Though McGuirk Arena was just halfway filled when Central Michigan University's women's basketball team battled Vanderbilt University Nov. 14, there was no lack of noise and school spirit.

Cheering on the team from beginning to end was the 6th Man Band, CMU basketball's pep band, members stayed on their feet and filled the partially-vacant arena with fight songs and cheering.

The pep band has grown in recent years both in size and involvement, comprising about 70 members on its official roster and an average of 20-to-35 members playing at each game. Its goal is to bring excitement to CMU basketball games and to support the team, no matter the score or the size of the crowd. 

The group's name refers to acting as the "sixth teammate" on the court.

Livonia senior Brendan Wilk serves as the current student director of the 6th Man Band, in addition to acting as the drum major of the CMU Marching Band.

“Our focus is just bringing the energy to McGuirk Arena,” Wilk said. “When the team is fired up from us, sometimes they play better. The work is all on them, but I like to think having that better vibe, getting the electricity really going, has a more positive impact on everybody in the arena.

“Even when we have less people, there still are attendees, so you have to perform as if you’re performing for as many people as McGuirk holds."

Even when students aren't there to support the basketball teams, the 6th Man Band still “brings the hype,” said Owosso sophomore Kyle Wendling, now in his second year with the pep band.

“A lot of people don’t really go to women’s basketball games, especially during the week,” Wendling said. “It’s disappointing, but we still bring the hype. The energy is always 100 percent from us, no matter if it’s men’s or women’s basketball.”

The band’s presence in the game goes further than just playing music. Wilk said the band enjoys messing with opposing teams through cheers. 

The band will usually count down with the shot clock during the game, and sometimes for the opposing team, they will start their countdown early to throw them off. 

“There was a women’s game (a few weeks ago) where we got (the other team) five times," Wilk said. "They get flustered because we’re counting down three when they actually have like six more seconds, and then they’ll just shoot the ball up and air ball it. It’s hilarious, it cracks me and the band up. That’s a legal way we actually affect the game, but it’s all in good spirit.”

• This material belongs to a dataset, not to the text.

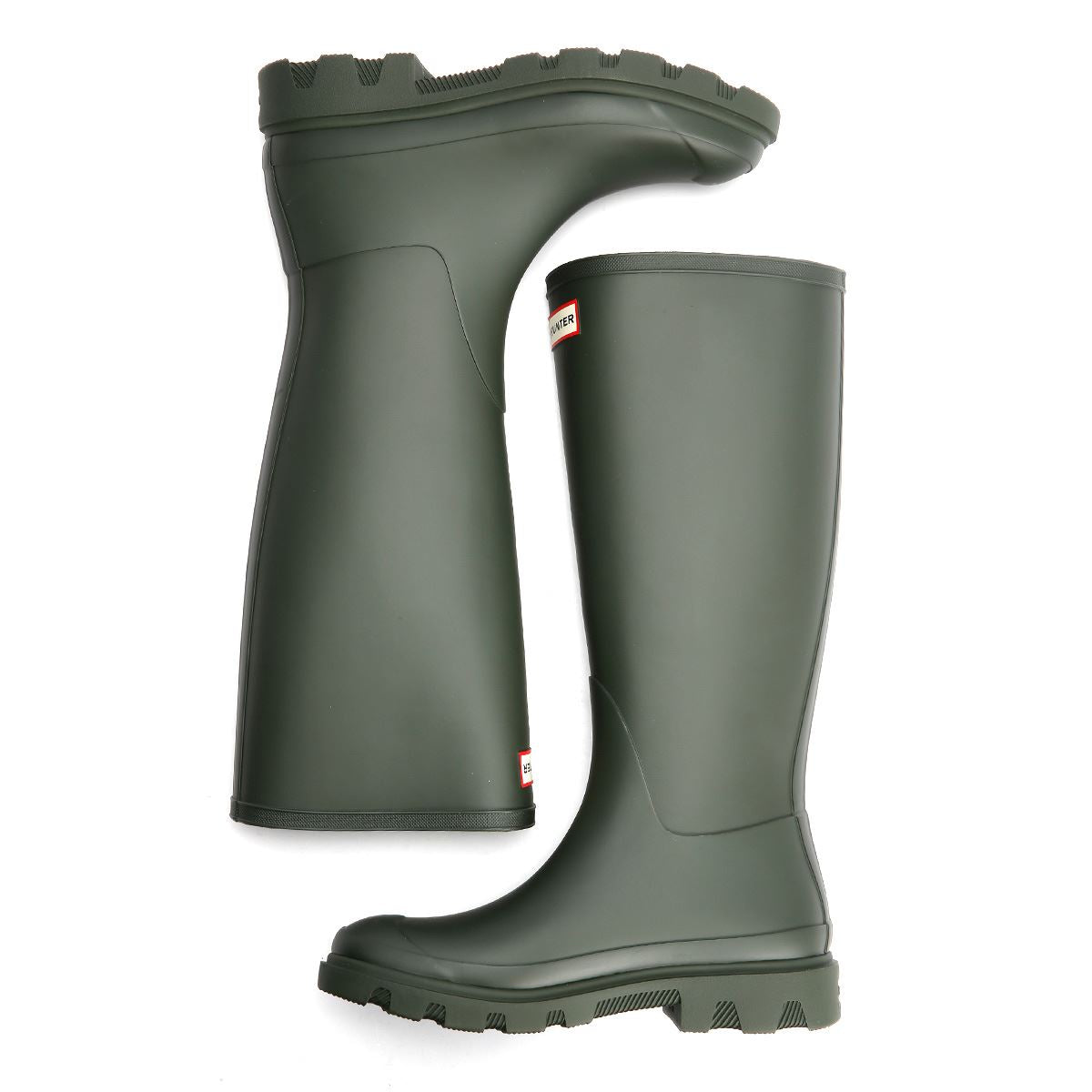 Hunter Downpour Tall Rubber Women's Olive Wellington Boots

The enthusiastic presence of the 6th Man Band is well-known in the CMU athletic community. CMU wrestling head coach Tom Borrelli showed up to a band rehearsal recently to show his respect and to ask if the wrestling team could have a pep band of its own. 

Members of the pep band appeared at the CMU wrestling meet against Michigan State University on Nov. 17, at Borrelli’s request, to encourage more energy at meets. Wilk said the band hopes to perform at more wrestling matches in the future. 

Women's basketball head coach Sue Guevara said the band's name is appropriate, as the enthusiasm, creativity and energy they bring to games is a huge component to the team's success. 

The basketball teams and the band interact with each other regularly off court. Before the beginning of each basketball season, the two groups will often hold a pizza party to promote interaction and communication, which shows when the band and team play off of each other on the court.

"(6th Man Band is) very invested in (the women's) program and the men's program," Guevara said. "The band is always very into it, because they know our players."

The Nov. 14 game against Vanderbilt ended with a 91-75 victory for CMU, which Guevara is  happy to attribute to the spirit that came from the 6th Man Band. 

"I think our band contributes to every victory," Guevara said. "When (players) get running, and they can feel the energy there and they can hear everybody, you can feel that."